University of Nebraska enrollment hits all-time high

September 7, 2016

University of Nebraska President Hank Bounds announced today that NU’s enrollment has reached an all-time high, a new milestone in the university’s efforts to expand access to education and produce a skilled workforce to meet the needs of the state’s economy.

Total enrollment at the university’s four campuses plus the Nebraska College of Technical Agriculture in Curtis is 52,515. That represents a 1.3 percent increase over fall 2015 and surpasses NU’s previous record high of 52,108, set in 1992.

Enrollments at the University of Nebraska-Lincoln, University of Nebraska at Omaha, University of Nebraska at Kearney and University of Nebraska Medical Center all grew, including record highs at UNL and UNMC. Additionally, university-wide enrollments in each major category – undergraduates, first-time freshmen, graduate students and professional students – are all up. Among other highlights, UNL has its largest freshman class in history, with the second-highest average ACT score ever, and its undergraduate student body is the most diverse in history. And, UNO’s incoming freshman class is its largest and most diverse ever; nearly a third of new freshmen are students of color and 45 percent are first-generation.

“Enrollment growth is good news for the University of Nebraska, our state and the economy,” said NU President Hank Bounds. “To have reached the highest enrollment in our history is a true accomplishment and a testament to the great value and quality that our campuses provide. What’s most important to me is what that number represents. It means we’re doing more to produce talented graduates to meet the needs of Nebraska’s workforce. It means students and families continue to recognize the critical value of a college degree. And it means we’re expanding opportunities for even more students to transform their lives through education.”

Bounds noted that NU is a key driver of workforce development in Nebraska, with 1 of every 36 jobs in the state attributable to the university. Each year the university produces 10,000 new graduates who are prepared to meet workforce needs in areas like health care, business, engineering, information technology, education and others.

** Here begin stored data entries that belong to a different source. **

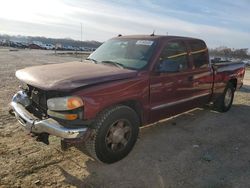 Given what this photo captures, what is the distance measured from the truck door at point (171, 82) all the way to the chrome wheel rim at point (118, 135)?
0.67 metres

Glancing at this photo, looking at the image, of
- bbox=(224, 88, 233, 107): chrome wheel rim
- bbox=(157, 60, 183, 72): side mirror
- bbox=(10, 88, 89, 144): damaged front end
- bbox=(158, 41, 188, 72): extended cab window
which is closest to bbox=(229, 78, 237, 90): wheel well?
bbox=(224, 88, 233, 107): chrome wheel rim

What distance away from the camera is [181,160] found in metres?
4.75

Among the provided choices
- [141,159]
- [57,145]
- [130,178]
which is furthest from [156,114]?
[57,145]

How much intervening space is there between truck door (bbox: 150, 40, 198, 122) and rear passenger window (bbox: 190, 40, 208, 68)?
0.28m

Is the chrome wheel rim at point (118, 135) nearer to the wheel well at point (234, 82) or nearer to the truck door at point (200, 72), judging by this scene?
the truck door at point (200, 72)

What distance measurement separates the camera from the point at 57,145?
4918 millimetres

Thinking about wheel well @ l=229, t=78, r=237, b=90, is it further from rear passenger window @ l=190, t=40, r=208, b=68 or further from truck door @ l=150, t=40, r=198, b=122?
truck door @ l=150, t=40, r=198, b=122

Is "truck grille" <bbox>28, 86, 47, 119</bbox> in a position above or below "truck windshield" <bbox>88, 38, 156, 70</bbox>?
below

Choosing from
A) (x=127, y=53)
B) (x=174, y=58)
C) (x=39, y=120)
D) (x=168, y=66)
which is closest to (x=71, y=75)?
(x=39, y=120)

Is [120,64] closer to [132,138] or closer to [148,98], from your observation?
[148,98]

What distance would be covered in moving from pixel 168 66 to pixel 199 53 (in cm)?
145

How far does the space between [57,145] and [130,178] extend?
1484 millimetres

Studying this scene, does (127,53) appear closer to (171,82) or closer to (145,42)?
(145,42)

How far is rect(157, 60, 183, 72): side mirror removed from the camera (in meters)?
5.12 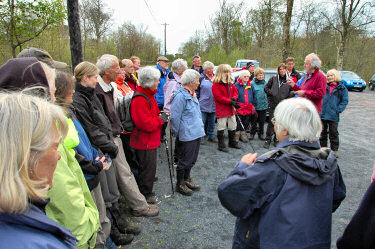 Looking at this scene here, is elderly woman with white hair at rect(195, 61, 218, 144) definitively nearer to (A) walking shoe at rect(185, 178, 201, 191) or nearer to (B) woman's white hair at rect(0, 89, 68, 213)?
(A) walking shoe at rect(185, 178, 201, 191)

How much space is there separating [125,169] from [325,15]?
1171 inches

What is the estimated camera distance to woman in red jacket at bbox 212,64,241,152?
555 cm

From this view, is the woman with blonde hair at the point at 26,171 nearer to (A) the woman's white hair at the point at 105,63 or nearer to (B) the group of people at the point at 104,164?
(B) the group of people at the point at 104,164

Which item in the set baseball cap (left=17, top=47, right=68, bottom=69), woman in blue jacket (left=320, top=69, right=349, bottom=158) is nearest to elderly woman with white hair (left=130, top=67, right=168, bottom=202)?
baseball cap (left=17, top=47, right=68, bottom=69)

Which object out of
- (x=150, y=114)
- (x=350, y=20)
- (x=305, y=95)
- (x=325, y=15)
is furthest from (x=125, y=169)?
(x=325, y=15)

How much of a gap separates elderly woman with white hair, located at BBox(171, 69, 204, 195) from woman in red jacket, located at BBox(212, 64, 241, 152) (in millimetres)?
1861

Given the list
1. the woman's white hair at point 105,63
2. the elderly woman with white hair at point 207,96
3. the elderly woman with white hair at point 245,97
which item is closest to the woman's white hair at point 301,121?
the woman's white hair at point 105,63

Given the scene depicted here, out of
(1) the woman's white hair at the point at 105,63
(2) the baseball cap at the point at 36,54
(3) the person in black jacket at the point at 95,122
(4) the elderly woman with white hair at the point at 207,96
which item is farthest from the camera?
(4) the elderly woman with white hair at the point at 207,96

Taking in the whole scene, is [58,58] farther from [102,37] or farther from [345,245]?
[345,245]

In accordance with Board of Regents goals, continued growth will be critical, particularly given that more than 70 percent of all jobs in Nebraska will soon require education beyond high school. Bounds said the university must focus especially on expanding access for first-generation, minority, low-income, rural and other traditionally underrepresented students. Attracting more nonresident students, including both out-of-state and international students, is another key part of NU’s growth strategy, as is reaching more students via distance learning, especially adult, military and other nontraditional students who can benefit from the flexibility of online coursework.

The university also is working not only to attract more students, but to make sure they graduate on time, with less debt and with the skills they need to be successful. Consistent with Board goals to improve retention rates and time to degree, the university has implemented strategies like Commit to Complete, a four-step plan to help students stay on the path to graduation. And, programs like Collegebound Nebraska, which promises full tuition coverage for qualifying Nebraska students, help keep the costs of a college education within reach for students and families. Bounds noted that NU represents a tremendous value when compared to peer institutions.

The University of Nebraska’s fall 2016 enrollment totals are as follows:

Campus enrollment totals

  • University of Nebraska-Lincoln: 25,897 (2.5 percent increase)
  • University of Nebraska at Omaha: 15,627 (0.7 percent increase)
  • University of Nebraska at Kearney: 6,788 (0.6 percent increase)
  • University of Nebraska Medical Center: 3,861 (1.9 percent increase)
  • Nebraska College of Technical Agriculture: 342 (33.2 percent decrease) 

University-wide enrollment totals

  • Undergraduate students: 39,644 (1.2 percent increase)
  • First-time freshmen: 7,937 (4.1 percent increase)
  • Graduate students: 9,832 (1 percent increase)
  • Professional students: 3,039 (3.8 percent increase)
  • Total enrollment including NCTA: 52,515 (1.3 percent increase)

A chart containing a full summary of enrollment data is attached. Figures are based on a student census taken on the sixth day of classes.